• Activity
Without the pictures, restate all of the data below word for word.

• Data for analysis
*** Block opens ***

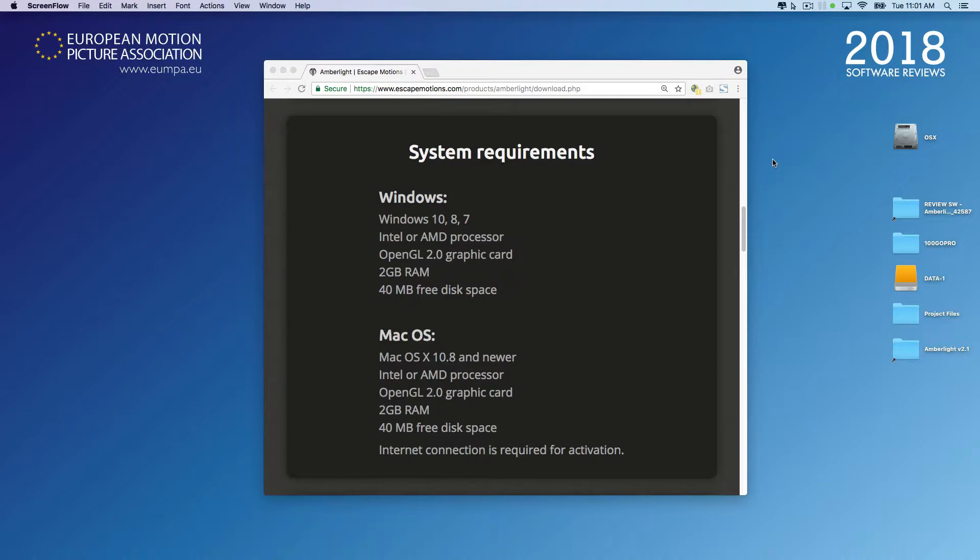We've provided a test project for you to download, along with the video that goes with it. We noticed that rendering just a few seconds took us almost two hours.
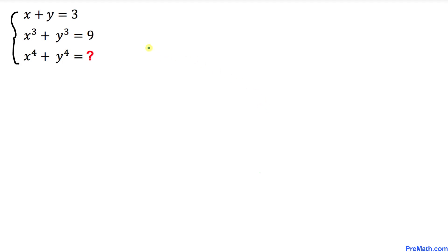Welcome to pre-math. In this video tutorial we have a system of equations: x plus y equals 3, x cubed plus y cubed equals 9, and we are going to find the value of x to the power 4 plus y to the power 4.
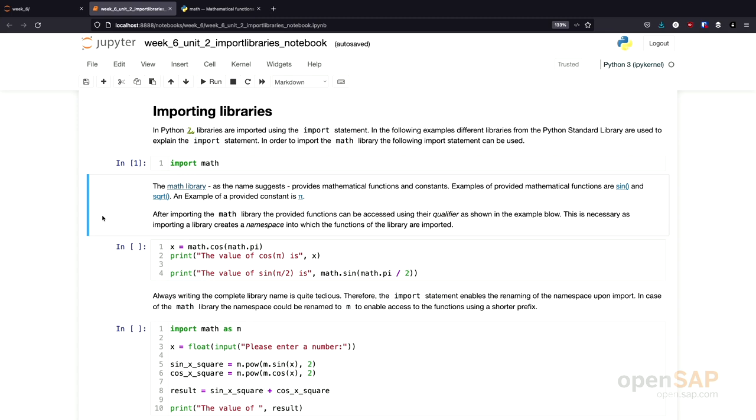After we imported the math library, the functions and constants inside the library are available to us. However, we need to specify the fully qualified name. So we need to call these functions and constants using their namespace. In this case, the namespace is just the name of the library. So in order, for example, to call the cosine function from the math library, I would call the function using its full name, namely math, the library name, followed by a dot, followed by cosine.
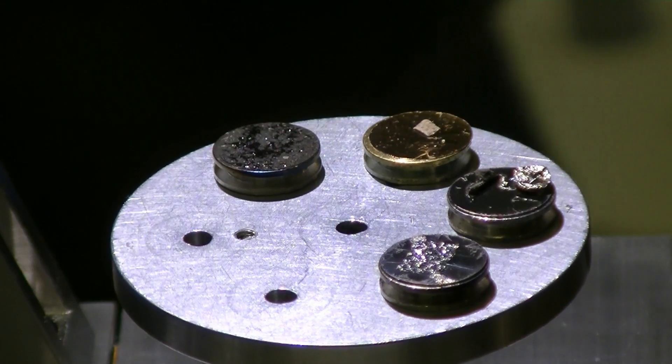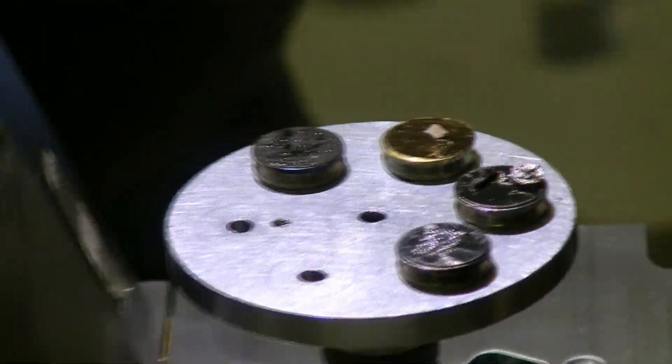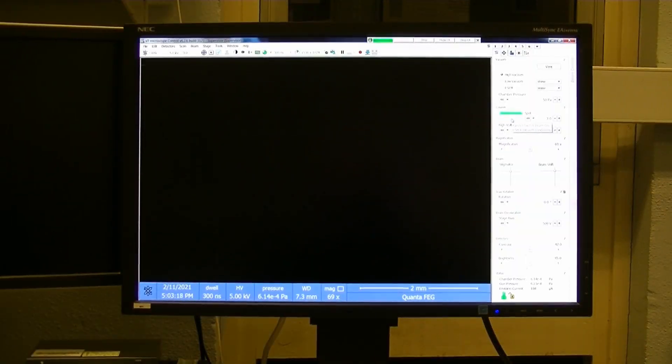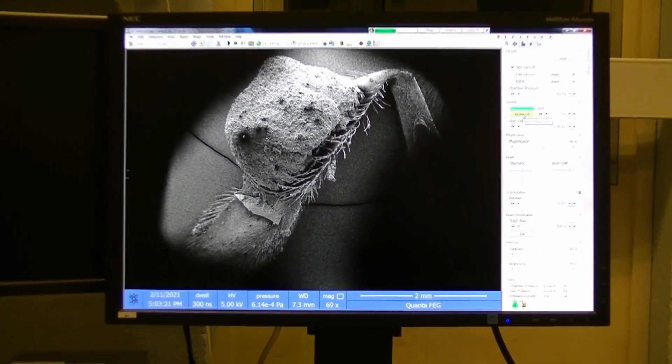Samples are loaded into the microscope, the door is closed and we pump it down to a vacuum. When the chamber has reached the correct vacuum level we can switch on the electron beam and begin to scan the surface of the sample.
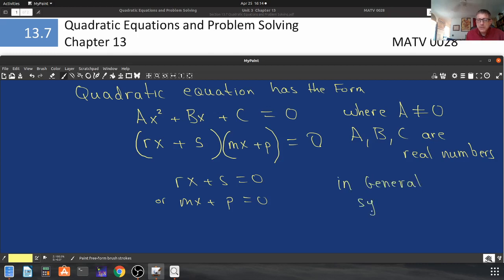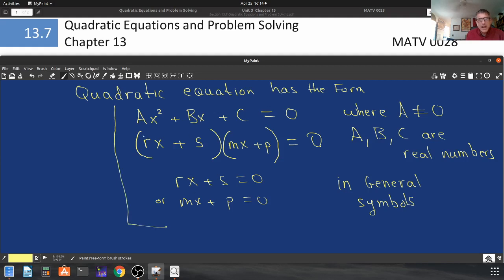I know as soon as I go to general symbols you get lost. Try not to, because this is the essence of math. The more you advance into math, the more you're going to see things like this. Math is far more general than specific values; this goes for all values of a, b, and c as long as a is not equal to zero.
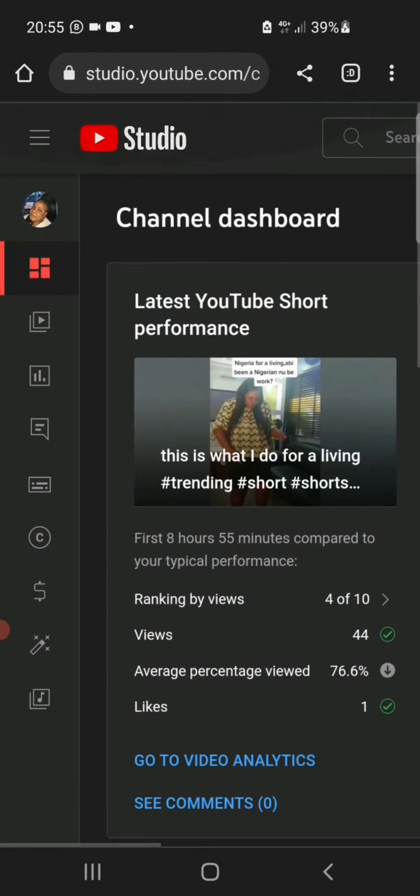So we are going to come to this side where we have this icon and we are going to click on these three lines you can see right on top.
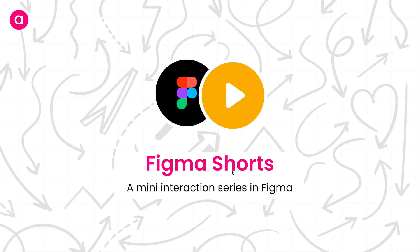Hey everyone, welcome back to the channel and welcome back to another episode of Figma Shorts, a mini interaction series in Figma. Before we start the video, let's hear it from our sponsors.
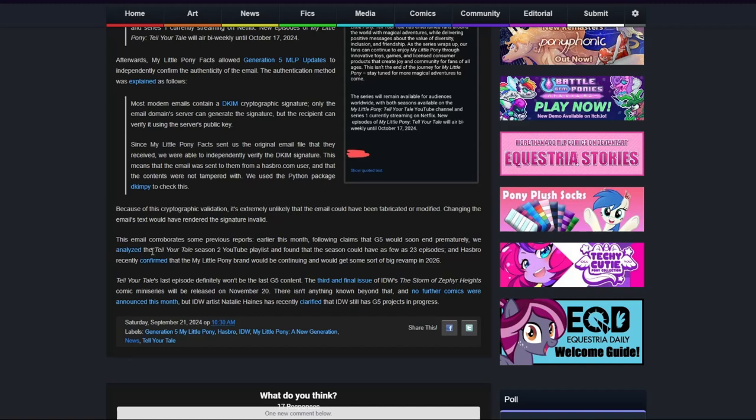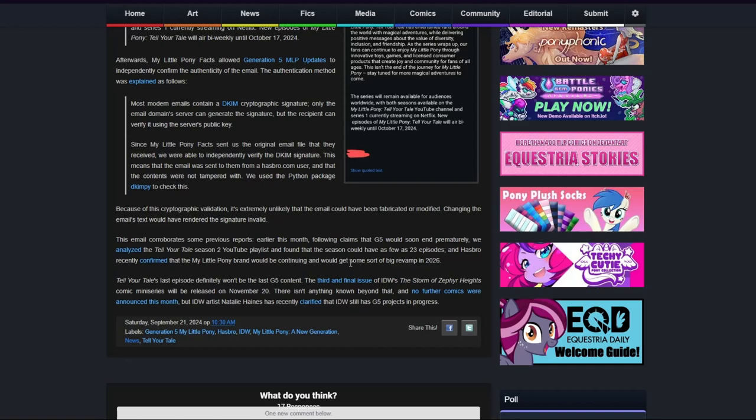We analyzed the Tell Your Tale Season 2 YouTube playlist and found that the season could have as few as 23 episodes, and Hasbro recently confirmed that the My Little Pony brand would be continuing and would get some sort of big revamp in 2026. So if you remember, I did a video on the brand of My Little Pony and the future of Generation 5, and it was going into what this article is saying here.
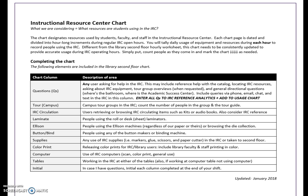The Instructional Resource Center Chart Instructions provide directions for gathering usage data, detailed information for each chart column, and a full description of the areas.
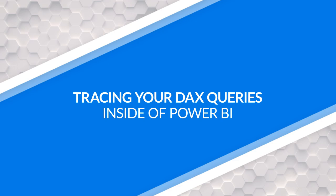Yo, Adam Saxon with Guy in the Cube. And in this video, I'm going to show you how you can trace your DAX queries inside of Power BI. Let's do this.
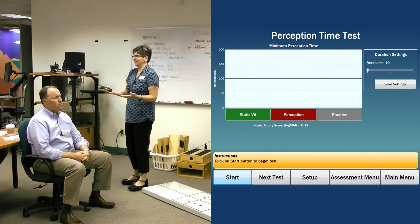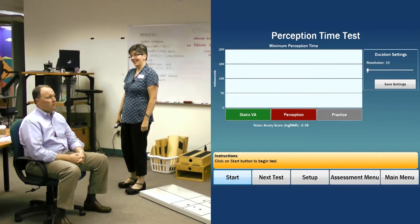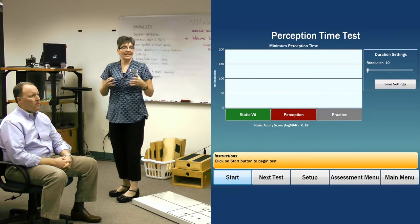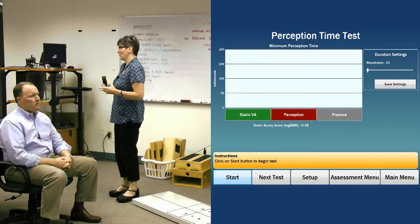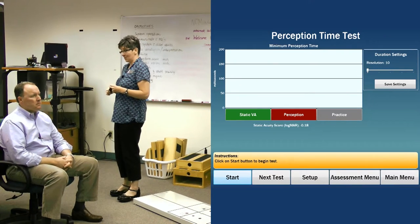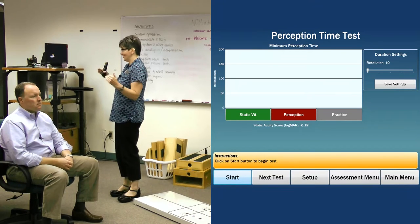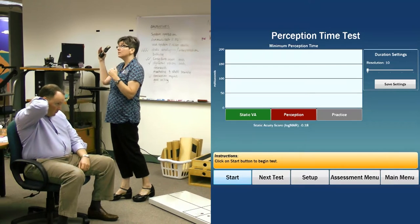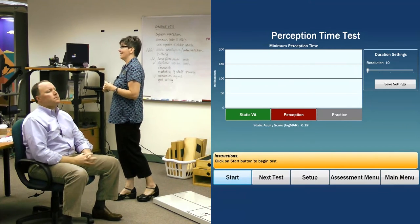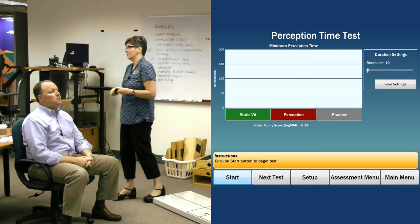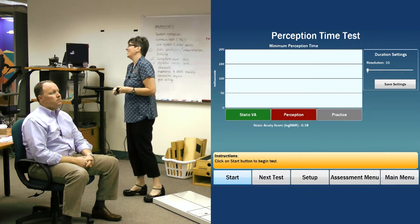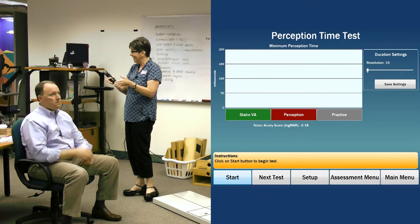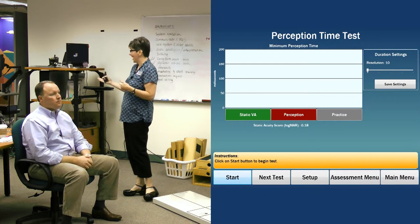Jason might say his optometrist told him his vision was a certain value. This is not a calibrated visual acuity assessment like you would get at the optometrist's office. This is a baseline I'm going to use to compare to his vision when I start moving his head. I just need a baseline because I want to see how it changes when I add head movement.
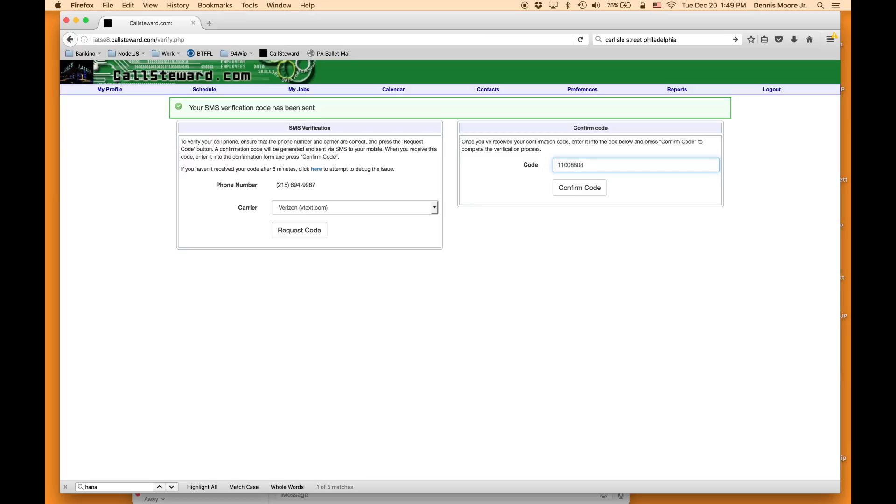You see here the number that came back. Click confirm. Up here it tells you your address is verified.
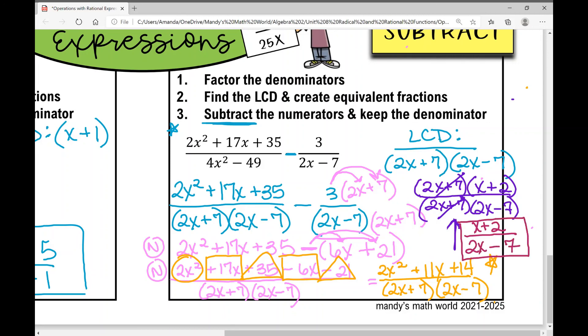That was a lot of work on that one — and that's why I clearly like multiplying and dividing better! But anyways, that concludes your notes over operations with rational expressions. I hope it was helpful.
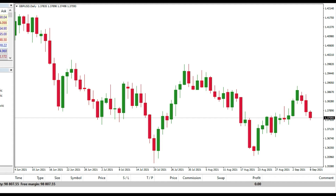Hello traders, this is Igor from the Ethics Secret YouTube channel, and today we'll talk about one interesting shortcut in MetaTrader 4.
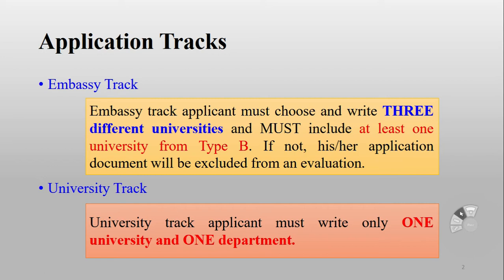For the University Track, you directly send your application to the university you want to apply to. There is a major difference between the two. Remember, you cannot apply to both tracks — if you are shortlisted from both and your IDs are matching, they will immediately reject your application.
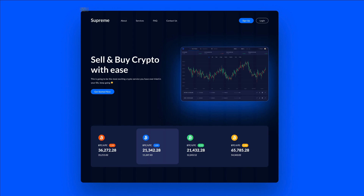In this video, we're going to create this UI design using Figma. We're going to start from scratch and by the end of it, you're going to have the exact same website. So without further ado, let's get started.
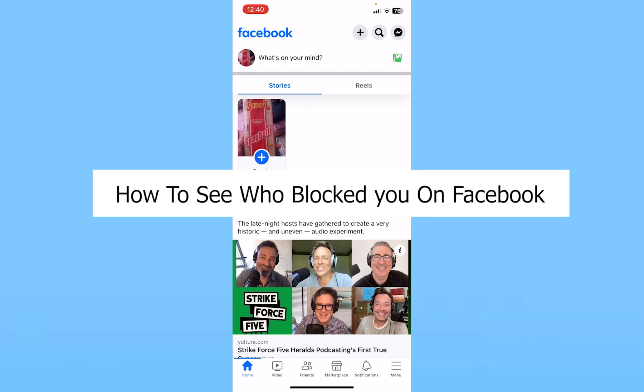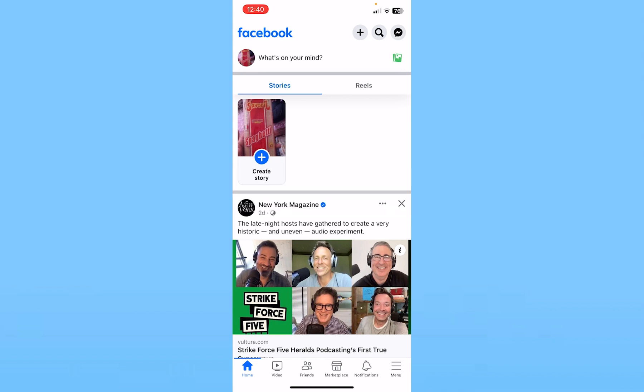Today I'll teach you how to see who has blocked you on Facebook. Facebook doesn't provide a feature where you can just click a button and it shows you all the people that have blocked you. You can see who you have blocked, but you cannot see if other people have blocked you. There are a couple of ways you can figure out if you are blocked or not.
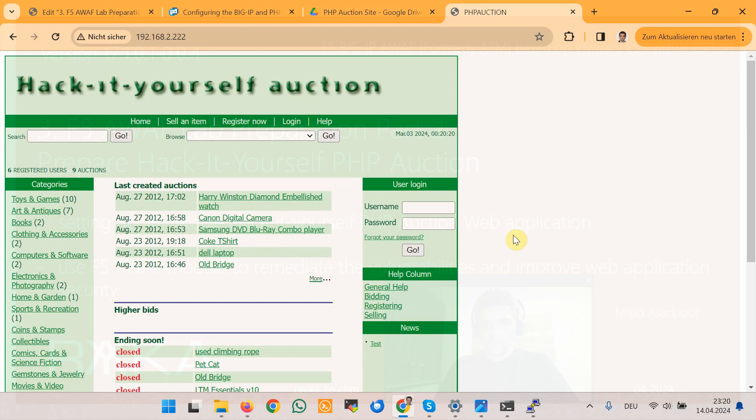So in the next section we will prepare F5 LTM module to publish these two web applications and F5 Advanced WAF module to secure these two web applications throughout the course.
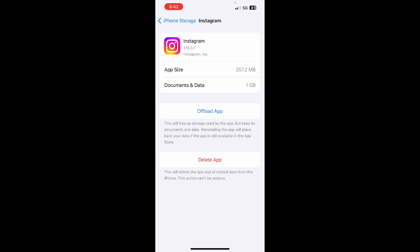So what you're going to do is simply click on the Offload App, then click on the Offload App again so that the app will be gone. Then you need to reinstall it again.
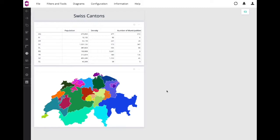For our example, as there are 26 Cantons in Switzerland, imagine if you had to define these colors each and every time you want to create a new report. Laborious, time-consuming and, let's face it, very boring and not at all efficient. So that's why you define Member Color Properties.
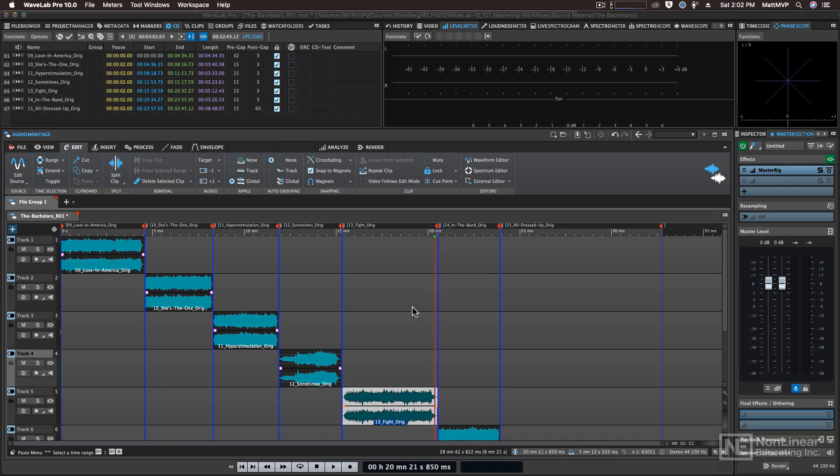This section is going to be about some advanced master section settings, and let's start with resampling. In this project so far we've been loading in 44.1 kHz audio files, and that'll be great if we want to burn these to an audio CD, because audio CDs are 44.1 kHz.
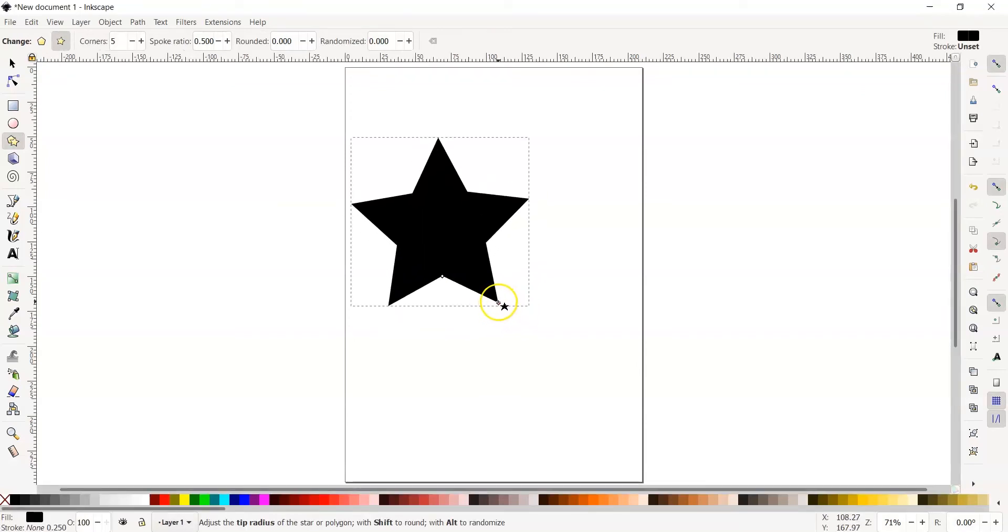This creates a common star with five points. But what if we wanted to add more points to our star? Well, I have good news. Inkscape allows us to do this easily. With your star selected, remember it has the dashed lines or marching ants around it.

*** Block closes ***

• Reply
We've provided a test project for you to download, along with the video that goes with it. We noticed that rendering just a few seconds took us almost two hours.
Welcome to pre-math. In this video tutorial we have a system of equations: x plus y equals 3, x cubed plus y cubed equals 9, and we are going to find the value of x to the power 4 plus y to the power 4.
After we imported the math library, the functions and constants inside the library are available to us. However, we need to specify the fully qualified name. So we need to call these functions and constants using their namespace. In this case, the namespace is just the name of the library. So in order, for example, to call the cosine function from the math library, I would call the function using its full name, namely math, the library name, followed by a dot, followed by cosine.
Samples are loaded into the microscope, the door is closed and we pump it down to a vacuum. When the chamber has reached the correct vacuum level we can switch on the electron beam and begin to scan the surface of the sample.
I know as soon as I go to general symbols you get lost. Try not to, because this is the essence of math. The more you advance into math, the more you're going to see things like this. Math is far more general than specific values; this goes for all values of a, b, and c as long as a is not equal to zero.
So we are going to come to this side where we have this icon and we are going to click on these three lines you can see right on top.
Hey everyone, welcome back to the channel and welcome back to another episode of Figma Shorts, a mini interaction series in Figma. Before we start the video, let's hear it from our sponsors.
We analyzed the Tell Your Tale Season 2 YouTube playlist and found that the season could have as few as 23 episodes, and Hasbro recently confirmed that the My Little Pony brand would be continuing and would get some sort of big revamp in 2026. So if you remember, I did a video on the brand of My Little Pony and the future of Generation 5, and it was going into what this article is saying here.
The Instructional Resource Center Chart Instructions provide directions for gathering usage data, detailed information for each chart column, and a full description of the areas.
Yo, Adam Saxon with Guy in the Cube. And in this video, I'm going to show you how you can trace your DAX queries inside of Power BI. Let's do this.
Jason might say his optometrist told him his vision was a certain value. This is not a calibrated visual acuity assessment like you would get at the optometrist's office. This is a baseline I'm going to use to compare to his vision when I start moving his head. I just need a baseline because I want to see how it changes when I add head movement.
You see here the number that came back. Click confirm. Up here it tells you your address is verified.
That was a lot of work on that one — and that's why I clearly like multiplying and dividing better! But anyways, that concludes your notes over operations with rational expressions. I hope it was helpful.
Hello traders, this is Igor from the Ethics Secret YouTube channel, and today we'll talk about one interesting shortcut in MetaTrader 4.
For the University Track, you directly send your application to the university you want to apply to. There is a major difference between the two. Remember, you cannot apply to both tracks — if you are shortlisted from both and your IDs are matching, they will immediately reject your application.
In this video, we're going to create this UI design using Figma. We're going to start from scratch and by the end of it, you're going to have the exact same website. So without further ado, let's get started.
Today I'll teach you how to see who has blocked you on Facebook. Facebook doesn't provide a feature where you can just click a button and it shows you all the people that have blocked you. You can see who you have blocked, but you cannot see if other people have blocked you. There are a couple of ways you can figure out if you are blocked or not.
So in the next section we will prepare F5 LTM module to publish these two web applications and F5 Advanced WAF module to secure these two web applications throughout the course.
So what you're going to do is simply click on the Offload App, then click on the Offload App again so that the app will be gone. Then you need to reinstall it again.
For our example, as there are 26 Cantons in Switzerland, imagine if you had to define these colors each and every time you want to create a new report. Laborious, time-consuming and, let's face it, very boring and not at all efficient. So that's why you define Member Color Properties.
This section is going to be about some advanced master section settings, and let's start with resampling. In this project so far we've been loading in 44.1 kHz audio files, and that'll be great if we want to burn these to an audio CD, because audio CDs are 44.1 kHz.
This creates a common star with five points. But what if we wanted to add more points to our star? Well, I have good news. Inkscape allows us to do this easily. With your star selected, remember it has the dashed lines or marching ants around it.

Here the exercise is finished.